Hard to believe September’s just around the corner. This past month has had a massive heatwave and water shortages in my province, followed by not exactly a cold snap, but the mornings are chilly enough that some of the vegetables in my little garden are taking exception to it. Yay, Canada.
Anyway, last month was Manga Month here, and my goal was to read and review 2-3 titles a week. How did I do with that?
Eh, not so great. For reasons I will get into later.
But, I did get some things accomplished, so there’s that!
The Fox and the Little Tanuki, vol 2, by Tagawa Mi
There Are Things I Can’t Tell You, by Mofumofu Edako
A Gentle Noble’s Vacation Recommendation, by Momochi, Sando, & Misaki
Blue Flag, vol 1, by KAITO
Venus in the Blind Spot, by Junji Ito
Fangs, by Sarah Andersen
I know that last one isn’t a manga, but I read it this past month and wanted to say a little about it, so I threw it in anyway. It’s still a story in graphic form, so I’m declaring that it kinda sorta counts a little.
Upcoming in September
And that brings us to what went wrong with Manga Month. I’ve mentioned before that I’m going through some unpredictable health crap lately, and honestly, it’s not done with me. Life is… day-to-day. Some days my pain levels are manageable, I get a decent amount of sleep even if it’s not at normal times, and I can do things. I think I can keep doing things. Then comes the inevitable day when my pain levels are higher or I hit a fatigue flare and everything goes to hell, and my time becomes all about managing. Just… managing, until things improve.
On those days, which are honestly about 50% of the time now, I’m pretty much useless. It has taken me over a week to read some books, because I just don’t have the energy to concentrate to read more than a few pages at a time. I can’t manage to play video games, even ones I’ve already played before and know well. When things get bad, I might not be unable to get out of bed, but I’m not good for much beyond idly staring at the TV, because anything more complicated than that takes brain power that I just don’t have.
Which made it really difficult to read 2-3 volumes of manga a week. And write reviews. It was just too much for me.
I’ve had to made some very difficult decisions these past few months. You see, every month I think, “Okay, I’ll take it easy this month, put a few things on hold, and with some extra rest, I’m sure I’ll be able to handle things normally again next month.” Only, I’ve been doing that since June. And slowly I’ve dropped more and more projects, more and more of my passions, things I really enjoy doing and sharing with other people, because I just can’t handle them with any degree of regularity or confidence anymore.
I strive for a review a week here. I don’t know if I can manage that at the moment.
So, here’s the tough decision: I’m not going to try.
I’m not dropping writing reviews entirely. I’m just not going to stress if I can’t manage 4-5 reviews a month.
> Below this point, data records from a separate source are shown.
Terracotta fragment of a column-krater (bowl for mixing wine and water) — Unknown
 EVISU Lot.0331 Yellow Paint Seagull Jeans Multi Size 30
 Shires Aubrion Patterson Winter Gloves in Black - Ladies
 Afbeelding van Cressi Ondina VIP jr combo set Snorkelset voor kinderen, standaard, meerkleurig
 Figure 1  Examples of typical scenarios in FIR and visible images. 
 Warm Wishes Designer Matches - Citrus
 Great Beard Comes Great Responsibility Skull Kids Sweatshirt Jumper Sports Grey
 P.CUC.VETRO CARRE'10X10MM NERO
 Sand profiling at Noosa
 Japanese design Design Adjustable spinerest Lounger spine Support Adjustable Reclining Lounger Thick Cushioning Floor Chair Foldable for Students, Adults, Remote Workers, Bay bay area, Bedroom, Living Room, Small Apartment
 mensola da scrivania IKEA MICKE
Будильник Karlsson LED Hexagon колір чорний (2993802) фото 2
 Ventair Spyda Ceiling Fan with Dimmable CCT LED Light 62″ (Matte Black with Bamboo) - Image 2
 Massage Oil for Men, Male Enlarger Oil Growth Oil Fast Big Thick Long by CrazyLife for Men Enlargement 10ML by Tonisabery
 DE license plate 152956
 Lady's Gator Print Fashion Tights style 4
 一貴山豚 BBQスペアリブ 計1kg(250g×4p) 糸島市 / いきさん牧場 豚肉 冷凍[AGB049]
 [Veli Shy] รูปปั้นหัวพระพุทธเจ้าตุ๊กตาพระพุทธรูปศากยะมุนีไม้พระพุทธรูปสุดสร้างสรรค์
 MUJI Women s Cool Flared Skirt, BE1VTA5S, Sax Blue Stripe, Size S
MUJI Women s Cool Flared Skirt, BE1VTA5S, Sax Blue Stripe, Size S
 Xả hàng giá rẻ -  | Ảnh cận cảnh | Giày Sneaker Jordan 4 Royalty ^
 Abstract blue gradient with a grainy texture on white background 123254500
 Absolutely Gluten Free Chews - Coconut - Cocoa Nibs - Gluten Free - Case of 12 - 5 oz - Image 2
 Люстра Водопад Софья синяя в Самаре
Not now, not when I’ve got other stuff going on like this. If I can do that, great. If not, no big deal, I’m not going to stress over it and add to my worries. As it is, it’s already difficult to have to admit to myself that even reading books, something that used to be a huge refuge for me, is on occasion becoming too much to handle. That I can’t handle doing even half as much as I could 5 years ago. Whatever’s going on with me right now, it’s taking a lot from me, and trying to not be upset by that is impossible, so I’ll settle instead for just trying to not feel guilty that I’m not able to provide the amount of content I usually do.
Which, let’s face it, is still only a patch on what most review bloggers do these days anyway.
So this “do what I can” plan is in effect going forward, for an indefinite period of time, until I meet with a doctor and figure out what’s wrong with me and get some sort of treatment or management plan going. I want my life to become more than just, “days when I’m barely managing, days when I’m recovering from bad days, and a few actually good days in between.” I want answers, I want a plan, but in the meantime, life really is just trying to cope as best I can, and trying to not be too hard on myself when I struggle.
So, I appreciate everyone’s patience. Fingers crossed that when I meet with a rheumatologist (who even knows when that will be, but I expect I still have some months to wait before I hear anything), they’ll be all, “Aha, I know exactly what’s wrong!” and it’s something that can be managed relatively simply with a couple of daily pills or something. I want to come out of this debacle similarly to how I did when I found out I was incapable of absorbing vitamin B12. It’s a serious condition that could disable or even kill me if left untreated, but treatment is nothing more than an injection of liquid B12 every week. That’s it. Very serious, but also very treatable. That’s kind of what I’m hoping for with this, too.
In the meantime, I hope you all find so many good books to read and to recommend to me, so I can vicariously live through all of my bibliophile friends!